ムールド人が徴税吏だと正教徒の住民が反発する可能性はあるものの、帝国人によってほぼ独占されている辺境伯領の行政にムールド人を入れることによってハヴィナ貴族の勢力をいくらか削ることができるとレオポルドは考えていた。それに官職を与えることによってムールド人の忠誠も期待できる。
サイドとアルマドは広大ではるが貧しい土地柄で人口も希薄なムールドから四五〇万セリンの税を徴収できる組織を構築した実績があり、レオポルドは彼らの仕事ぶりに満足していた。サーザンエンドでも十分な成果を挙げるものと期待していいだろう。
徴税機構の充実が成れば徴税率は上がり、税収が増えるだろう。サーザンエンドの経済規模であれば適切に徴税すれば収入は倍増するとレオポルドは予測していた。
安定的な財源があれば、今までのような短期で高利の債務に頼らなくても済むだろう。確実に返済が為されるという信用があればより返済期間が長期で低利の辺境伯債を発行できる。
しかしながら、まとまった税収が金庫に納入されるのは今暫く先のこととなるだろう。
その間、レオポルドはぼんやりと手を拱いているつもりはなかった。
「ヴァンリッヒ男爵。サーザンエンド銀行の経営は如何か」
サーザンエンド銀行はレオポルドはムールド伯に即位した頃に設立させた銀行で、レオポルドの叔母の夫であるベルゲン伯の末の妹の婿テオドール・ゲオルグ・ヴァンリッヒ男爵が総裁兼本店支配人を務めており、男爵もこの会議に出席していた。

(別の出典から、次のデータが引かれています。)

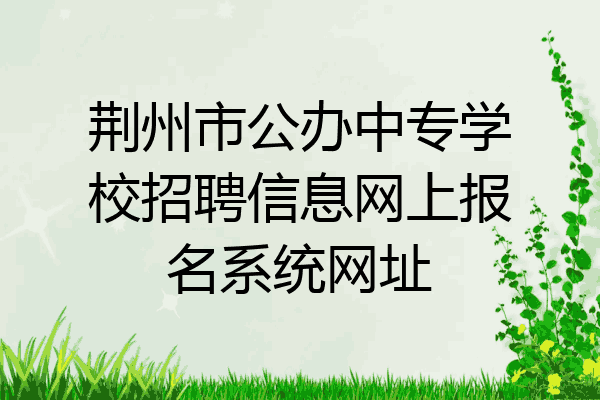 荆州市公办中专学校招聘信息网上报名系统网址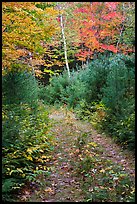 Overgroth former Wassatotaquoik Road. Katahdin Woods and Waters National Monument, Maine, USA ( color)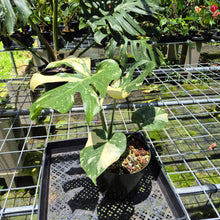 Load image into Gallery viewer, Monstera Thai Constellation Variegated exact plant, Fedex 2day*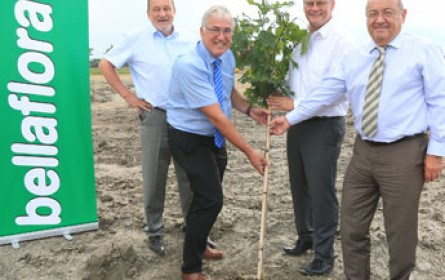 bellaflora wächst in Eisenstadt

サーザンエンド銀行は帝都やレイクフューラー辺境伯の地盤であるフューラー地方、帝国本土の南岸地方などから出資を募り、ムールド地方の鉱山開発会社や東方貿易を行う貿易商などに融資を行っていた。レイクフューラー辺境伯や彼女の息のかかった商会が出資を行っていることもあって、取引額は増加傾向にある。
「今のところ順調です」
鉱山開発は軌道に乗り始めており、サーザンエンドとムールドの騒乱が一段落し、レオポルドが通行の安全を保障したことによって貿易量が増えつつある。融資した事業は順調に成長していた。
「資金は如何程か」
「五〇〇〇万セリンはあるでしょう」
レオポルドは難しい顔をして唸った後、口を開いた。
「より多くの資金を集めよ。ハヴィナやコレステルケの商会などにも出資させるよう取り計らうべきではないか」
「承知致しました」
ヴァンリッヒ男爵は生真面目な顔で頭を下げる。
「サーザンエンド銀行には潤沢な資金を持たせねばなるまい。できるだけに早期にサーザンエンド銀行の手形で兵や官吏の給与支払いを行いたい」
手形は支払いを約束した証券のことで、後の銀行券と言ってもよい。正貨、つまり、セリン銀貨などの代わりとしてサーザンエンド銀行の手形を給与支払いに充て、市場で流通させようというのがレオポルドの目論見である。銀行の手形等を正貨の代わりに通用させることは帝都などでは既に広く行われている。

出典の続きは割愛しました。